David: The ENO productions you note make for quite a line-up! I'll be interested to find out what you think of the ENO production of Lady Macbeth of Mtsensk vis-a-vis Graham Vick's (which I saw at the Met and I think you also saw?). I'm glad, also, you pointed out that Strauss's wife was "a superb prima donna who gave up her singing career to look after husband and son." Reminds me a little of the treatment of Alma Mahler, who, after all, had to give up composing as a condition of marrying Mahler.

David said...

No, Sue, I haven't seen Graham Vick's production.

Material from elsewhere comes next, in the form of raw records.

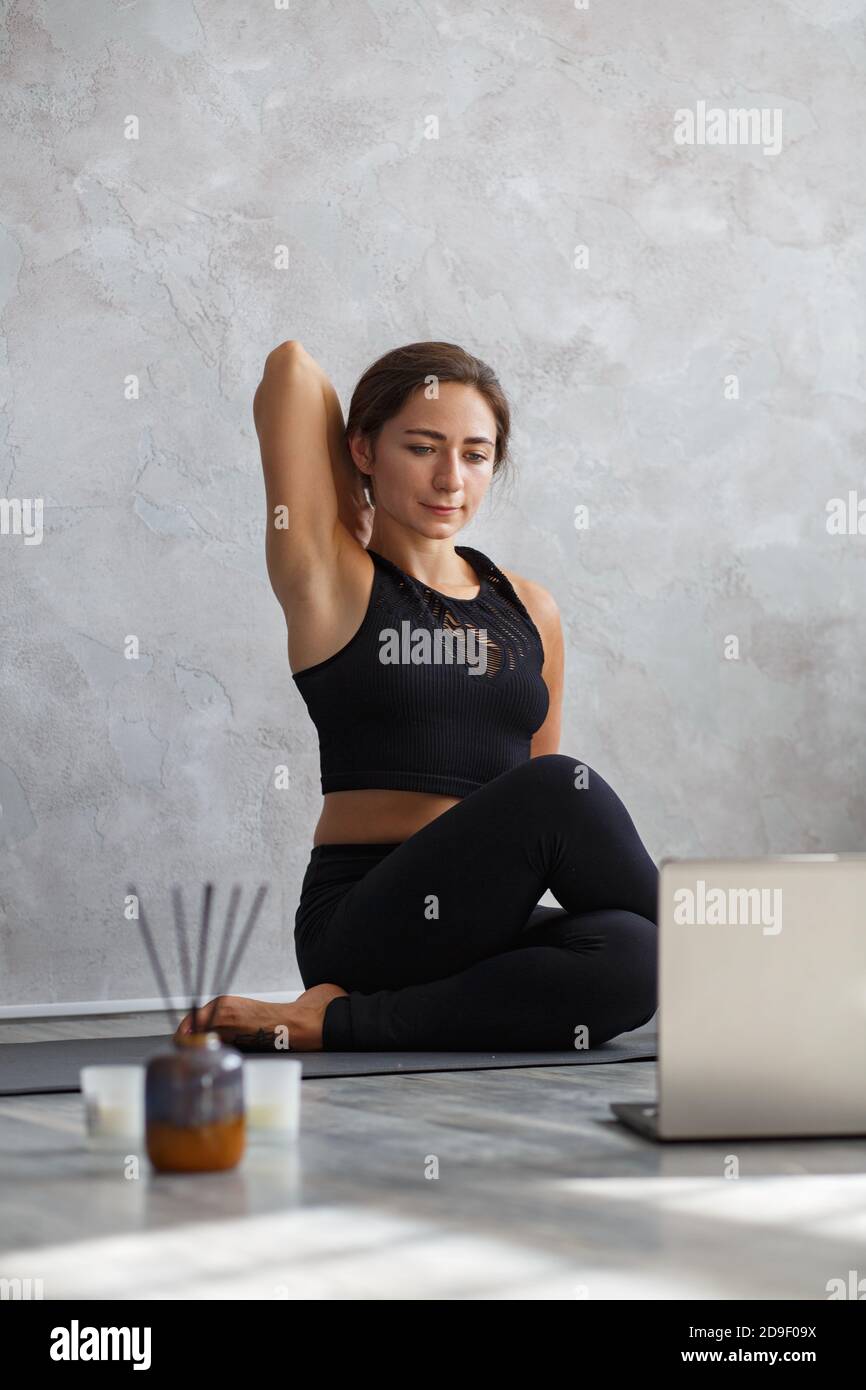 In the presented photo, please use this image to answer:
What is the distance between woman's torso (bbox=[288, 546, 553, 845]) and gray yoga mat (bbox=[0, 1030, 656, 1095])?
32cm

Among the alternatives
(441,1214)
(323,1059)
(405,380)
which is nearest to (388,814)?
(323,1059)

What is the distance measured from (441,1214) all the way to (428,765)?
1099mm

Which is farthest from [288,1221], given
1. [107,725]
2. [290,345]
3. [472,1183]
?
[107,725]

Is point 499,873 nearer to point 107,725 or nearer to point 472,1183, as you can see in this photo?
point 472,1183

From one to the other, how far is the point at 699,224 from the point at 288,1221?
113 inches

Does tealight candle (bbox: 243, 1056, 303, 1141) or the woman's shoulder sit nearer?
tealight candle (bbox: 243, 1056, 303, 1141)

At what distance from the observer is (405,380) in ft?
7.78

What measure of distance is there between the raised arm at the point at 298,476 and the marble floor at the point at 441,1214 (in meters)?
0.87

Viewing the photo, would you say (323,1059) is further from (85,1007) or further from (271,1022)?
(85,1007)

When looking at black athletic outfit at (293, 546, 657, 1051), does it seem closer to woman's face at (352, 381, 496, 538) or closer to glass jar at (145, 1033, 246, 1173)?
woman's face at (352, 381, 496, 538)

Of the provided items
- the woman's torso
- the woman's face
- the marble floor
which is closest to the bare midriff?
the woman's torso

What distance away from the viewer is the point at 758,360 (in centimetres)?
361

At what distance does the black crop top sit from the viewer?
7.29ft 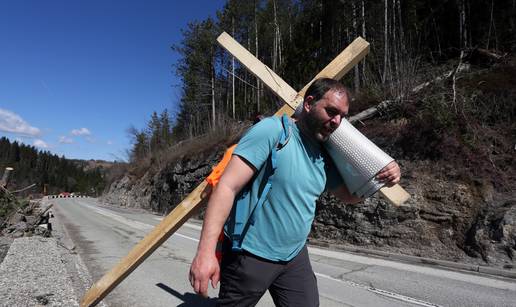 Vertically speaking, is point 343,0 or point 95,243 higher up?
point 343,0

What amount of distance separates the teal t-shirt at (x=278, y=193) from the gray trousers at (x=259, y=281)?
62mm

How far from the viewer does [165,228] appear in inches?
95.7

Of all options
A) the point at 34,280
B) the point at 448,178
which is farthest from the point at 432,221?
the point at 34,280

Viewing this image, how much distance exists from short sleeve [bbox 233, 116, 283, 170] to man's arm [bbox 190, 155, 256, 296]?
0.15ft

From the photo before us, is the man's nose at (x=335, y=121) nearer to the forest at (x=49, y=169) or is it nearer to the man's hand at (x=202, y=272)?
the man's hand at (x=202, y=272)

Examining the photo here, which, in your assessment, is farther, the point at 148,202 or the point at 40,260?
the point at 148,202

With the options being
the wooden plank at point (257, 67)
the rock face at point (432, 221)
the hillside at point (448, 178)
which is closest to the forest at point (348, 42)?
the hillside at point (448, 178)

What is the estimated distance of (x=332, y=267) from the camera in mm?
8000

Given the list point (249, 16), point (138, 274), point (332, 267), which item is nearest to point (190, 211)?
point (138, 274)

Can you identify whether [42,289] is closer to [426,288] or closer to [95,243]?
[426,288]

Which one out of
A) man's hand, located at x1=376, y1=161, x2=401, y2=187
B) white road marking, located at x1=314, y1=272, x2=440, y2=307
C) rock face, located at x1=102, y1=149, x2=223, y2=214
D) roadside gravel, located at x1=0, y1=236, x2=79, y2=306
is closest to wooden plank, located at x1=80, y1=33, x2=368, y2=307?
man's hand, located at x1=376, y1=161, x2=401, y2=187

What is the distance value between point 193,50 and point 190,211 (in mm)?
34627

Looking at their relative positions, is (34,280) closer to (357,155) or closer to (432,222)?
(357,155)

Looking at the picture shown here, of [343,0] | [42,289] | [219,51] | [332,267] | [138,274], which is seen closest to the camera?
[42,289] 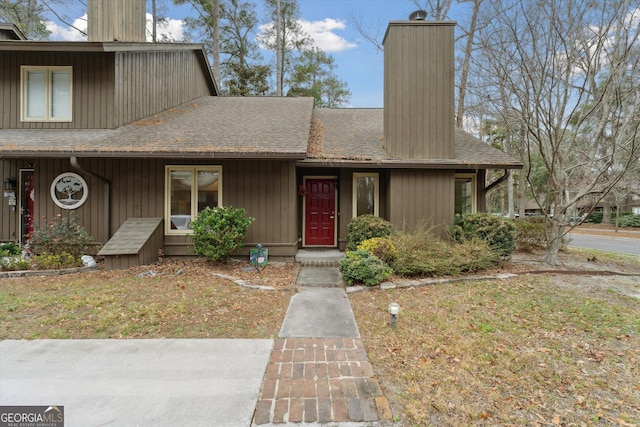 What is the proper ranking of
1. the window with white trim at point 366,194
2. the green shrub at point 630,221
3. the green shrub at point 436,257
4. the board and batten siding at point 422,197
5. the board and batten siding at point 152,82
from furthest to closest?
the green shrub at point 630,221, the window with white trim at point 366,194, the board and batten siding at point 152,82, the board and batten siding at point 422,197, the green shrub at point 436,257

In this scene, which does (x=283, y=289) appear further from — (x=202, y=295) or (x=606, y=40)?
(x=606, y=40)

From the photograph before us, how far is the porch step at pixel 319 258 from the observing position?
6910 mm

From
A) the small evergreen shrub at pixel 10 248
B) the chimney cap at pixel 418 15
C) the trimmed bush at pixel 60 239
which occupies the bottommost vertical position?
the small evergreen shrub at pixel 10 248

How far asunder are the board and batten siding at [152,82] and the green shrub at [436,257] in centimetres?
802

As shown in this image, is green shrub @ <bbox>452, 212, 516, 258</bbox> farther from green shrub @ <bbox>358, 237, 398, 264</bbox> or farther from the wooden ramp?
the wooden ramp

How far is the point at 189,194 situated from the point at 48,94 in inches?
190

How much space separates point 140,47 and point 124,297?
7.20 m

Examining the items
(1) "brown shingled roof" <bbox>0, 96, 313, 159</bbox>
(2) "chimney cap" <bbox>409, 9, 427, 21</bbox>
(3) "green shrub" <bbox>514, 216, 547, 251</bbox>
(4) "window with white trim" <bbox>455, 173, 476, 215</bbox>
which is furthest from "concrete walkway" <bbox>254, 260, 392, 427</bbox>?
(2) "chimney cap" <bbox>409, 9, 427, 21</bbox>

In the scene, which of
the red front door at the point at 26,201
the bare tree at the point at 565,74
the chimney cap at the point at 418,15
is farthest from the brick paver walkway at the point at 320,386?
the chimney cap at the point at 418,15

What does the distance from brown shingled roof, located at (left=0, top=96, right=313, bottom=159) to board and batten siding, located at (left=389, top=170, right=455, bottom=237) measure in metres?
2.70

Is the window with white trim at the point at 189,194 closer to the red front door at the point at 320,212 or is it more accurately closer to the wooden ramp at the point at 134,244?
the wooden ramp at the point at 134,244

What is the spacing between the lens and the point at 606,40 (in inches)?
254

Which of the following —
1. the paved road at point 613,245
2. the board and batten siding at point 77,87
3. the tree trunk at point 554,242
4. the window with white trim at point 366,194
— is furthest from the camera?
the paved road at point 613,245

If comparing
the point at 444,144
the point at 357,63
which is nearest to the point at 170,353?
the point at 444,144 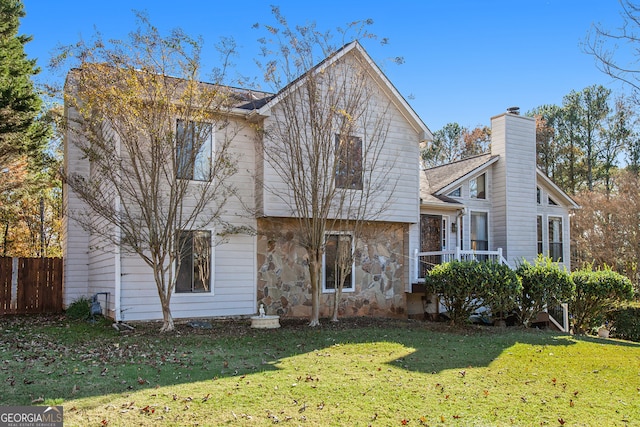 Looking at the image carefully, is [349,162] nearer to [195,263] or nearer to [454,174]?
[195,263]

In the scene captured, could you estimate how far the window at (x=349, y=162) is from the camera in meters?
11.9

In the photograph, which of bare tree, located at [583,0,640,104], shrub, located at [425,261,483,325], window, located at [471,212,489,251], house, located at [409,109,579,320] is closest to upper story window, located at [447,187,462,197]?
house, located at [409,109,579,320]

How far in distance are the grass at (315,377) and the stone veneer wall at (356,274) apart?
2.07 metres

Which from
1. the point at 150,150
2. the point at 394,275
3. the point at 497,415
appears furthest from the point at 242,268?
the point at 497,415

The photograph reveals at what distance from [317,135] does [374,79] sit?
116 inches

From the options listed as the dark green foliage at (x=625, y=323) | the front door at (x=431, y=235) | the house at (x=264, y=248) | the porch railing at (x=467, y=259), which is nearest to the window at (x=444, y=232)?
the front door at (x=431, y=235)

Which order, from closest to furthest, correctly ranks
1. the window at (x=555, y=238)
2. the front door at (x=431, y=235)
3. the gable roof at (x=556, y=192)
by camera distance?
the front door at (x=431, y=235) → the gable roof at (x=556, y=192) → the window at (x=555, y=238)

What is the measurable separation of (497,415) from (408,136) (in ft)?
31.3

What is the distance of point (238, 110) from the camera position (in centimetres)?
1152

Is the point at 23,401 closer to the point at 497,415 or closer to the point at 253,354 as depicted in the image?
the point at 253,354

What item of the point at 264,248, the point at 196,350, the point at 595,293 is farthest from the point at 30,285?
the point at 595,293

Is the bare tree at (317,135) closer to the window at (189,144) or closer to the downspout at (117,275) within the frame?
the window at (189,144)

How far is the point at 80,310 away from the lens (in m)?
12.1

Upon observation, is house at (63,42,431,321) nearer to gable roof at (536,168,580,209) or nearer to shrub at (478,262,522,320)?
shrub at (478,262,522,320) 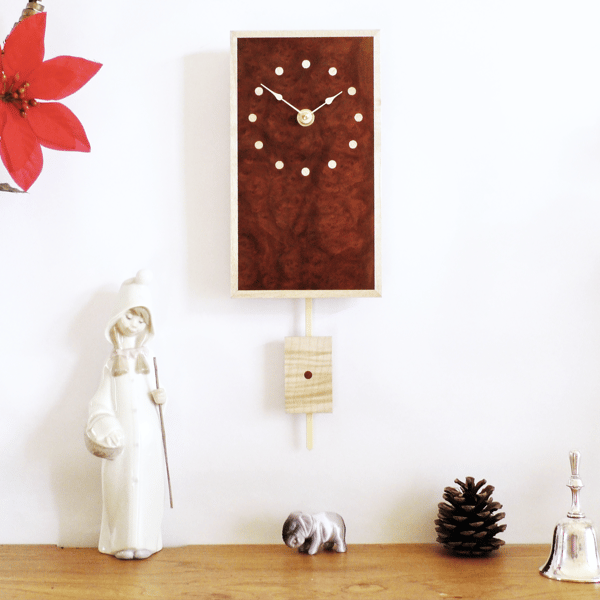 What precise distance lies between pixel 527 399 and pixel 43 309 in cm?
78

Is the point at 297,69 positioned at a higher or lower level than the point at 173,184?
higher

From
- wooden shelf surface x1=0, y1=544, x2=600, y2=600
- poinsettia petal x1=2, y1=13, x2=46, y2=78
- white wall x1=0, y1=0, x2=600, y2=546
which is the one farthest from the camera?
white wall x1=0, y1=0, x2=600, y2=546

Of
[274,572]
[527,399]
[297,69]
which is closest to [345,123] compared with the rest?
[297,69]

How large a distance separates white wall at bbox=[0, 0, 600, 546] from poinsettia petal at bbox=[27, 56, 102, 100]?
0.28 feet

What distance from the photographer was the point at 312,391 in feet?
3.17

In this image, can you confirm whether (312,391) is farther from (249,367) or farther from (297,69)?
(297,69)

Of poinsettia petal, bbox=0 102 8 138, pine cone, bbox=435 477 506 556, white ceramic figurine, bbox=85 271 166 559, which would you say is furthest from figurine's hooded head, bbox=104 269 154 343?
pine cone, bbox=435 477 506 556

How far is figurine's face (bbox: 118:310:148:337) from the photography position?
0.91m

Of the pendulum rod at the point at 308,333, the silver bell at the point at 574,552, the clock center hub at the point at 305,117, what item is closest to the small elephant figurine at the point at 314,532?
the pendulum rod at the point at 308,333

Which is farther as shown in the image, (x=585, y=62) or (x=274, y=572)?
(x=585, y=62)

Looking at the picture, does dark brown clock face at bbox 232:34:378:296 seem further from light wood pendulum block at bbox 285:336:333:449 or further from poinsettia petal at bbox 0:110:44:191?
poinsettia petal at bbox 0:110:44:191

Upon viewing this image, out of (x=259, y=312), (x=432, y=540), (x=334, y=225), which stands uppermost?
(x=334, y=225)

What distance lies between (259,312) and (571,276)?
1.64ft

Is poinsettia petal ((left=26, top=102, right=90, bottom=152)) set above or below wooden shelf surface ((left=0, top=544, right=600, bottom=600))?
above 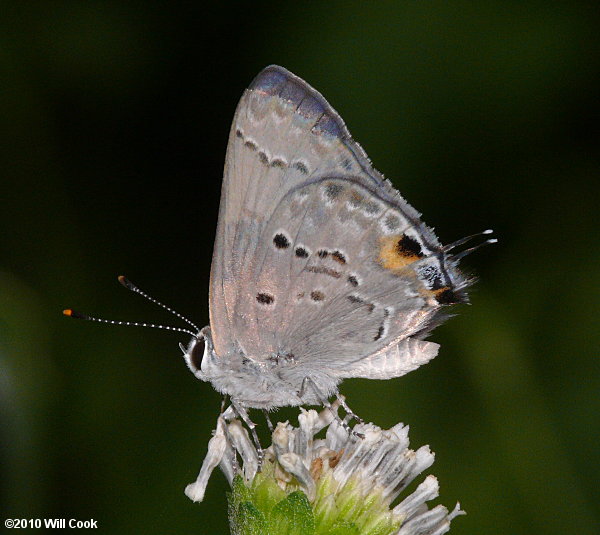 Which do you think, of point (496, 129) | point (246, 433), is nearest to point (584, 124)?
point (496, 129)

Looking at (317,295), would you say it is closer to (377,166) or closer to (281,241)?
(281,241)

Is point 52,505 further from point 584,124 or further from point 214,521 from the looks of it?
point 584,124

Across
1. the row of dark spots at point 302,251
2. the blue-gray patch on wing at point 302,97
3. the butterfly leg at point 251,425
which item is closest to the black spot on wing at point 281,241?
the row of dark spots at point 302,251

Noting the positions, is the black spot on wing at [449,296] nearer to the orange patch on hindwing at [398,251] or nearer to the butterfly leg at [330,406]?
the orange patch on hindwing at [398,251]

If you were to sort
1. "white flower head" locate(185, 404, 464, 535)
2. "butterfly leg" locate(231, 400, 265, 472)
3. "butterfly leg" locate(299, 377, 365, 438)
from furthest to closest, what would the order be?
"butterfly leg" locate(299, 377, 365, 438) < "butterfly leg" locate(231, 400, 265, 472) < "white flower head" locate(185, 404, 464, 535)

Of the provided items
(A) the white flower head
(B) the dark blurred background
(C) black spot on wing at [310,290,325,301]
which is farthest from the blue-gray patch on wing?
(B) the dark blurred background

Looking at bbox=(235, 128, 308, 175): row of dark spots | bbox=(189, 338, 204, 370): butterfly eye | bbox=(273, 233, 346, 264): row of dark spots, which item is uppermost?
bbox=(235, 128, 308, 175): row of dark spots

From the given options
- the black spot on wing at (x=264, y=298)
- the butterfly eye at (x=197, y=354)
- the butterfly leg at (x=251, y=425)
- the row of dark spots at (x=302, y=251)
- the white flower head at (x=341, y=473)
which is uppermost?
the row of dark spots at (x=302, y=251)

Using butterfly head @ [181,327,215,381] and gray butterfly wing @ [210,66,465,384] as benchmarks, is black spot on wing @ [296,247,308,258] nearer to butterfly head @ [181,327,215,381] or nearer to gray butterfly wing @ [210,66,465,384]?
gray butterfly wing @ [210,66,465,384] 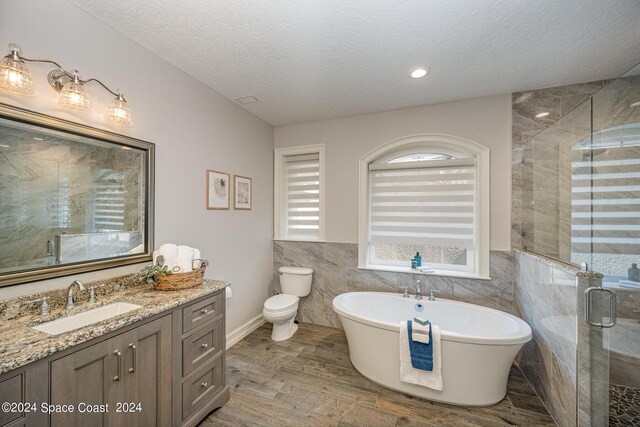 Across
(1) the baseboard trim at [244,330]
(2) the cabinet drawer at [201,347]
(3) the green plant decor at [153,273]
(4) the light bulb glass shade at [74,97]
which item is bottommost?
(1) the baseboard trim at [244,330]

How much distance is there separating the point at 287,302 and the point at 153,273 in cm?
155

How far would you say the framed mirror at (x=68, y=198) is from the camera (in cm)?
128

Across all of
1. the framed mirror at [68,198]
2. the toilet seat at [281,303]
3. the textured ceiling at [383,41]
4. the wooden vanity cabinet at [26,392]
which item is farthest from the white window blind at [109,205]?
the toilet seat at [281,303]

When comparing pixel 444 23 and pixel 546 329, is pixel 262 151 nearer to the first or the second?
pixel 444 23

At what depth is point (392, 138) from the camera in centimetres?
305

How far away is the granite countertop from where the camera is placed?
98cm

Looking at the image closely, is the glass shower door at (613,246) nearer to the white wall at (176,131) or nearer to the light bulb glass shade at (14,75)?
the white wall at (176,131)

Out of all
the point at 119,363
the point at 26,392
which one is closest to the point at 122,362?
the point at 119,363

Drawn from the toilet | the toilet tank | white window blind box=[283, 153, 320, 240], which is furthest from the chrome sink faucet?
white window blind box=[283, 153, 320, 240]

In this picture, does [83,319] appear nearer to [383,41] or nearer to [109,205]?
[109,205]

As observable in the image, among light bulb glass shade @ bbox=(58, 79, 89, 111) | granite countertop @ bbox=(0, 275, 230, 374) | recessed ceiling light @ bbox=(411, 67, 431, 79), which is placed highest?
recessed ceiling light @ bbox=(411, 67, 431, 79)

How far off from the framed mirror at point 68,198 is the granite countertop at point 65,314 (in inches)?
5.5

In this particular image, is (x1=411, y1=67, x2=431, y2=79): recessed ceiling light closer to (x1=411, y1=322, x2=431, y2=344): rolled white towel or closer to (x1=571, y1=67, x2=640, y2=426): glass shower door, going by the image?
(x1=571, y1=67, x2=640, y2=426): glass shower door

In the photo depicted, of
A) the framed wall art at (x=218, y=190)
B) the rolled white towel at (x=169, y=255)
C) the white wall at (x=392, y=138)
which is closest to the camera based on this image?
the rolled white towel at (x=169, y=255)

David Pountney's served the ENO well in several seasons - the last time, Wigglesworth conducted it with such depth, and I remember jumping out of my skin at the blast of brass band launching the Passacaglia.

Constanze Mozart, Anne-Marie Nielsen and Pauline Strauss were all at the forefront of my imagination a couple of months ago, so I asked the BBCMM for the obvious - to write an article about Wives of the Great Composers, and I'm doing it shortly.

Susan Scheid said...

I'll look forward to that article.

Geo. said...

Sorry to pick nits, but methinks you meant Mary Dunleavy, rather than "Donleavy". I remember Dunleavy from several appearances at Opera Theatre of Saint Louis in the late 1990's and early 2000's. Every few years, OTSL latches on to a singer or two and seems to groom them for bigger things, by offering them plum roles after getting their feet wet either in the chorus or in a supporting role. At that time, MD was one of those singers, featured in the 2000 OTSL La Traviata and the 2003 Thais, among others. OTSL does very little R. Strauss (but we are getting Ariadne auf Naxos next year), so I wonder if Intermezzo might work well in the modest space that is the Loretto-Hilton Theater (987 seats).

That is very interesting that ENO is offering DSCH's Lady Macbeth of Mtsensk as part of its next season's repertoire. Hopefully they'll survive the latest round of administrator chaos.

David said...

Corrected, Geo. Think the name was right in the review, at least - incidental here, probably because she didn't blaze her name in lights for me. A fine light soprano voice which did everything it needed to, but the acting was tentative, especially when the music flows into spoken dialogue. I wish Glyndebourne would return to Intermezzo and Capriccio with Anne Schwanewilms, who I know would accept in a flash and has that great asset shared by Lott, a beautiful voice married to the talents of a born comedienne (she was so funny and warm in interview).

ENO's artistic side ALWAYS weathers the storms, and its last season was better than ever (at least since the Powerhouse years). This one looks wonderful to me, and I know Wigglesworth will not be a disappointing successor to Gardner, who left with vine-leaves in his hair. Ominous murmurs about changes to the season after, which of course will be when the post-John Berry plans kick in. So long as they stick to the plan of one musical a year at a time when the company is usually at rest (around Easter), I can't see huge changes afoot.